If you’ve already transmigrated to the spirit plane, artist (and occasional Alibi contributor) Billy McCall’s Less Clothes, More Fun! video installation might not be for you. Its focus is, after all, these bags of meat we call home. Sliced into segments and remixed for the pleasure of jarring juxtaposition, the human body—any body—is here offered up as both aesthetically pleasing and inherently, seductively weird. Get to the Tannex (1417 Fourth Street SW) by 8pm on Saturday, June 28, because legendary ABQ nudity proponent Don Schrader is the first scheduled reader in the evening’s risqué zine reading.
Arrive at the exhibit in style by joining the Less Clothes More Fun Bicycle Ride, a sex- and body-positive cycling journey that starts at the UNM Duck Pond around 7pm and ends at the Tannex. Note that organizers encourage riders to “allude to being nude” in lieu of necessarily baring all. In other words, ride at your own risk—dangly bits, lady nipples and other shocking proofs that we are not born with clothes on could get you in physical or legal trouble if not properly attended to. Search “Less Clothes More Fun” on Facebook for more info on both events.

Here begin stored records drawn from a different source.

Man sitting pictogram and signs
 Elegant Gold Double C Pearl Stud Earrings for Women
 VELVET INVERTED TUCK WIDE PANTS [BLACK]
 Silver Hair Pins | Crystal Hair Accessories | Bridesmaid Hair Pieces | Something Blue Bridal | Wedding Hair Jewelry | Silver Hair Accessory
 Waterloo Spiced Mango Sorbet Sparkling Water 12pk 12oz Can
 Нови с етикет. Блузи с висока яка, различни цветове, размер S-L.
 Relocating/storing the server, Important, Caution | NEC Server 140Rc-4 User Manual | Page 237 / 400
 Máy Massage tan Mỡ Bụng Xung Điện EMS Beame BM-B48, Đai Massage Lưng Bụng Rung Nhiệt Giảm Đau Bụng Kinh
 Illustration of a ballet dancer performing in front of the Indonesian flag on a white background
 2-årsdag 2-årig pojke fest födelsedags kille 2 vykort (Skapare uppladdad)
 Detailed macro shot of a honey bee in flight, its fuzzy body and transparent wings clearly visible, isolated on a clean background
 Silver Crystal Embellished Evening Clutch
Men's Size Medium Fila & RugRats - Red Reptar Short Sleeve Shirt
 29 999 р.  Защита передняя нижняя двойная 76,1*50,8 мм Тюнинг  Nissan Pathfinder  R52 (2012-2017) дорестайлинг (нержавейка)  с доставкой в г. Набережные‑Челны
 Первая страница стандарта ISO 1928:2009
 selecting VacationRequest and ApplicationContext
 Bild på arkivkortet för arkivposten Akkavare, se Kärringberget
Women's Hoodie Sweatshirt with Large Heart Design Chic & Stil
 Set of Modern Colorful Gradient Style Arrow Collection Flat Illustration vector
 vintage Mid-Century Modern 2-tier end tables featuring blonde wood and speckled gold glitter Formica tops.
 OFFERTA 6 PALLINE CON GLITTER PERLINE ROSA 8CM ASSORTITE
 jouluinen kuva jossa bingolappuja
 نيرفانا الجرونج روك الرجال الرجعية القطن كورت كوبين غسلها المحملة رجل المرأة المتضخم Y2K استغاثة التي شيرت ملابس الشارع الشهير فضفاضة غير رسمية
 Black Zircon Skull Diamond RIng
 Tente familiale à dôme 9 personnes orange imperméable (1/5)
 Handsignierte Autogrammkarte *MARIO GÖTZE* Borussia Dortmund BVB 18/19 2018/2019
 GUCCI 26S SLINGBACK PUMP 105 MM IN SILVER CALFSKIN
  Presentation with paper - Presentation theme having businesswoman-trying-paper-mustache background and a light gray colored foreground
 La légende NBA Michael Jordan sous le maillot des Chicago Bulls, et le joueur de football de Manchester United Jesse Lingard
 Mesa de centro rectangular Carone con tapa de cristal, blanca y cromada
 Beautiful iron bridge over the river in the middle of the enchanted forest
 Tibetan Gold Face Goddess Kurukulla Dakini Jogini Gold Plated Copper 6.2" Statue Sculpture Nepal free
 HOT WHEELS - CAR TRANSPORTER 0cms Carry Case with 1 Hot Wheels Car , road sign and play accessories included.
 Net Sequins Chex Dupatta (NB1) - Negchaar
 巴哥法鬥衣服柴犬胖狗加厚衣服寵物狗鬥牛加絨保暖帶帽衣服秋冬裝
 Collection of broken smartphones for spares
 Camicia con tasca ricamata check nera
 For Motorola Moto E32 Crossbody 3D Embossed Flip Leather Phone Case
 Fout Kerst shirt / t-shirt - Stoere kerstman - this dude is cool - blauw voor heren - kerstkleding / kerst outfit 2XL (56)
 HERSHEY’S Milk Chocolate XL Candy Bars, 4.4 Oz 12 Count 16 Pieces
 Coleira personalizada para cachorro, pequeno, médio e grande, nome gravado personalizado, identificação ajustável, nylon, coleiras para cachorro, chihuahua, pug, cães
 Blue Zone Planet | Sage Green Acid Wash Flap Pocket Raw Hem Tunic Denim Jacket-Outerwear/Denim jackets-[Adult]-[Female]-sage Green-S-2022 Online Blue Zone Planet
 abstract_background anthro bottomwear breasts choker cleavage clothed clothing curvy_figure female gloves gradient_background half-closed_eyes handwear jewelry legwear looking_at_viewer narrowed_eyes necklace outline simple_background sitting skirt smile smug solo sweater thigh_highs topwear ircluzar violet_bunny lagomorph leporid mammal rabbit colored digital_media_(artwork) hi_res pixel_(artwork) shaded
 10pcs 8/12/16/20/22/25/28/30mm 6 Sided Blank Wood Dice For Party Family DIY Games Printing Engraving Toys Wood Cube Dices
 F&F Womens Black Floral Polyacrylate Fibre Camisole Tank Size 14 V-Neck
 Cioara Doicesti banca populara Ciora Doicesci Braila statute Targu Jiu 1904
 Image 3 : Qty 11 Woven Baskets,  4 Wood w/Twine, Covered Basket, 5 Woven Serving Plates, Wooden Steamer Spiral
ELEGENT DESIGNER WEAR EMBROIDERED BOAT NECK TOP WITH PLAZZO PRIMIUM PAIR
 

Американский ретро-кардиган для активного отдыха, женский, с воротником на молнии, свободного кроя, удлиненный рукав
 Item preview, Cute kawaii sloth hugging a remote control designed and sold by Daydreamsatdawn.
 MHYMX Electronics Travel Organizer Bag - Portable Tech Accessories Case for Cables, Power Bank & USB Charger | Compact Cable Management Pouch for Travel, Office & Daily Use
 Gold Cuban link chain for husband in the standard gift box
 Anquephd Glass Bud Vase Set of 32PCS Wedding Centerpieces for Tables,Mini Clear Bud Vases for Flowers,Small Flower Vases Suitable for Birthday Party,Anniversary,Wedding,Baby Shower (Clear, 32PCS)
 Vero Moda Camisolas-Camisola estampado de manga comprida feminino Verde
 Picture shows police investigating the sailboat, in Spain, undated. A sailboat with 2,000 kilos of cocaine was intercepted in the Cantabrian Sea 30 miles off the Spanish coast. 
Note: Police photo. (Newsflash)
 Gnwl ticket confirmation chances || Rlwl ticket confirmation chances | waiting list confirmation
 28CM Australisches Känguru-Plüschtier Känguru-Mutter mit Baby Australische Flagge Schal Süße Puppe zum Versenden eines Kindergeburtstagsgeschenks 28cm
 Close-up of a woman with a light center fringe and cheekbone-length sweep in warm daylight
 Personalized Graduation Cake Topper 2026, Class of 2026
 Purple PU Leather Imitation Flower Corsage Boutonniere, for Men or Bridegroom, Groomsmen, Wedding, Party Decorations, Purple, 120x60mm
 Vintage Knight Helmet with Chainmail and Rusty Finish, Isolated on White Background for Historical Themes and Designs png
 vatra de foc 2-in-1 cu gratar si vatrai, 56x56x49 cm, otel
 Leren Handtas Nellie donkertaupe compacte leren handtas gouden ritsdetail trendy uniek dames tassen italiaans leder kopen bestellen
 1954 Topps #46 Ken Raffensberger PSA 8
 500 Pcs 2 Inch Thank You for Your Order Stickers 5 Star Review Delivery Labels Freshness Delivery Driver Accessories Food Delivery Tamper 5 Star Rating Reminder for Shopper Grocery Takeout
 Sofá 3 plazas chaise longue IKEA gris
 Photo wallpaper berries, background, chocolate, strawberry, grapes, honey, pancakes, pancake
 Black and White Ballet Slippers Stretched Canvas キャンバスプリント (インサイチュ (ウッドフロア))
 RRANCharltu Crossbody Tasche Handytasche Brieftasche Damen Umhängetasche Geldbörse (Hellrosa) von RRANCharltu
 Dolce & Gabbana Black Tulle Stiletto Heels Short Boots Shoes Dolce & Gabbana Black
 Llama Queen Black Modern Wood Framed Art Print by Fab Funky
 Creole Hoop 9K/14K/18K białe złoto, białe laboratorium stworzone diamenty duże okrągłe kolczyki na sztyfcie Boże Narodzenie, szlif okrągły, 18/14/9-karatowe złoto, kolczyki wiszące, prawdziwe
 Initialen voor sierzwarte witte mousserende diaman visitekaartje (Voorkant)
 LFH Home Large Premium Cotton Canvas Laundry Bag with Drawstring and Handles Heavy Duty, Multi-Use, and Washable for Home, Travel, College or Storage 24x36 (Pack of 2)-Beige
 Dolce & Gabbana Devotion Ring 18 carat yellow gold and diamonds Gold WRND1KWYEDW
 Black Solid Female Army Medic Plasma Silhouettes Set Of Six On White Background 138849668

The nutty, painful and hilarious rhythms of family take center stage in Painting Churches, opening at the Adobe Theater (9813 Fourth Street NW) on Friday, June 27. In this finalist for the 1984 Pulitzer Prize in Drama, Mags Church (Michelle Boehler) wants to paint a portrait of her restless parents Fanny (Becky Mayo) and Gardner (Ray Orley). Now in their golden years, but declining and forced to sell their house, the elder Churches clash with their sometimes thoughtless daughter as they try to pack and sit for their portrait. The show, directed by veteran helmsman Brian Hansen, continues Fridays and Saturdays at 8pm and Sundays at 2pm through July 13. Tix run $12 to $15; see adobetheater.org or call 898-9222 on weekdays for more info.
Hard to believe it’s been more than a decade since Rio Rancho High School teacher Bill Nevins was summarily axed for a student’s antiwar poem. The 2003 fallout, which coincided with a violent police crackdown on peaceful Iraq War protestors, was chronicled in the award-winning documentary Committing Poetry in Times of War. Nevins and other poets, including Mary Oishi, Manuel Gonzales, Ronnie Garduno and Justin Romine, commemorate the events surrounding their battle for free speech, justice and government accountability (sound familiar?) with a reading at Bookworks (4022 Rio Grande NW) on Wednesday, July 2, at 7pm.